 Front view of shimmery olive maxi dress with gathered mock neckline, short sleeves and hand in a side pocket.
==
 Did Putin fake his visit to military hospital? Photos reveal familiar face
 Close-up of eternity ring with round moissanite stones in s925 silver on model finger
...
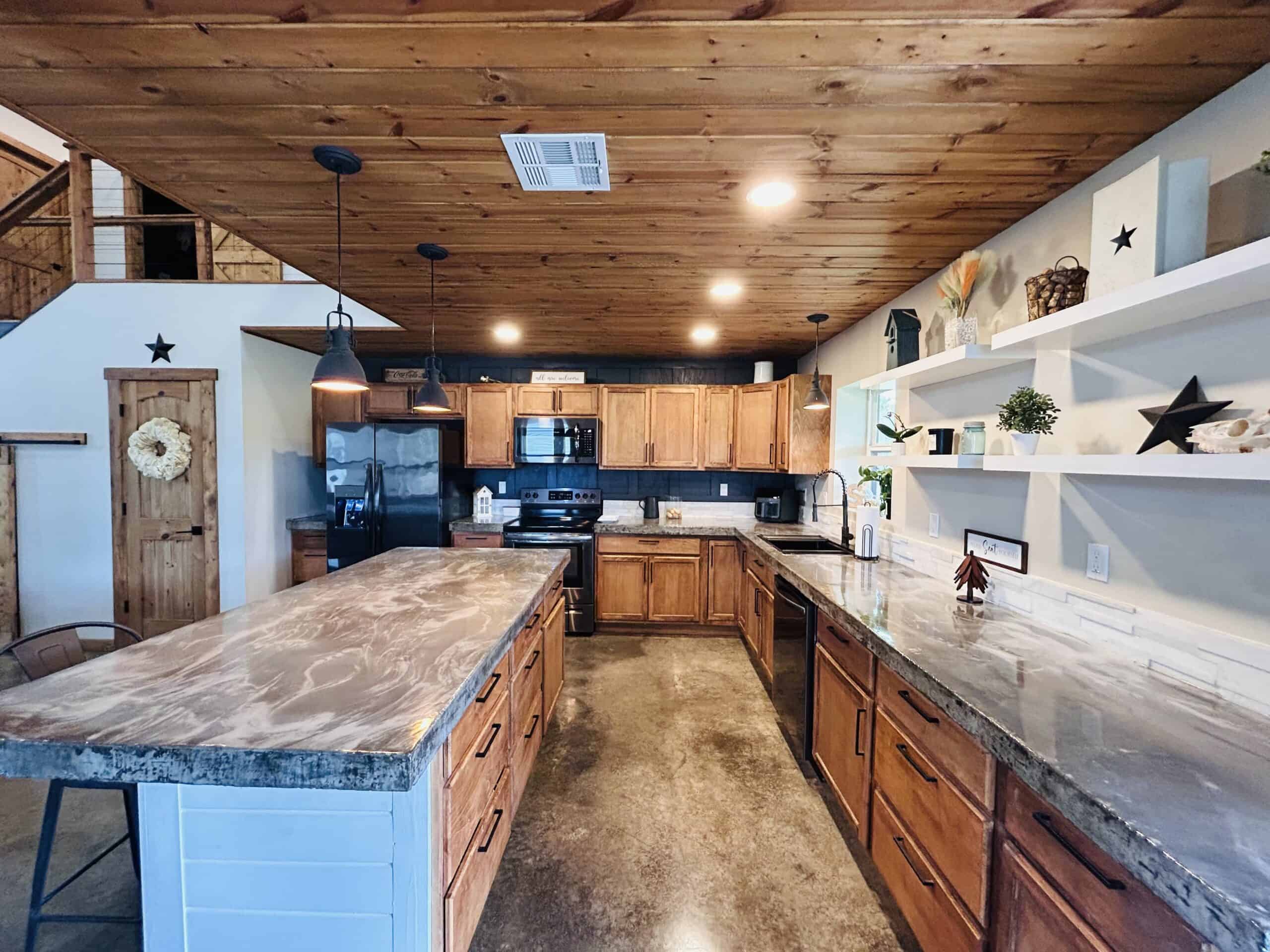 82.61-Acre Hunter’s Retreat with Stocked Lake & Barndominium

Assignment —
Write down, word for word, the lines above from the one containing "Did Putin fake" through the one containing "Close-up of eternity", both ends included.

Answer to this problem —
 Did Putin fake his visit to military hospital? Photos reveal familiar face
 Close-up of eternity ring with round moissanite stones in s925 silver on model finger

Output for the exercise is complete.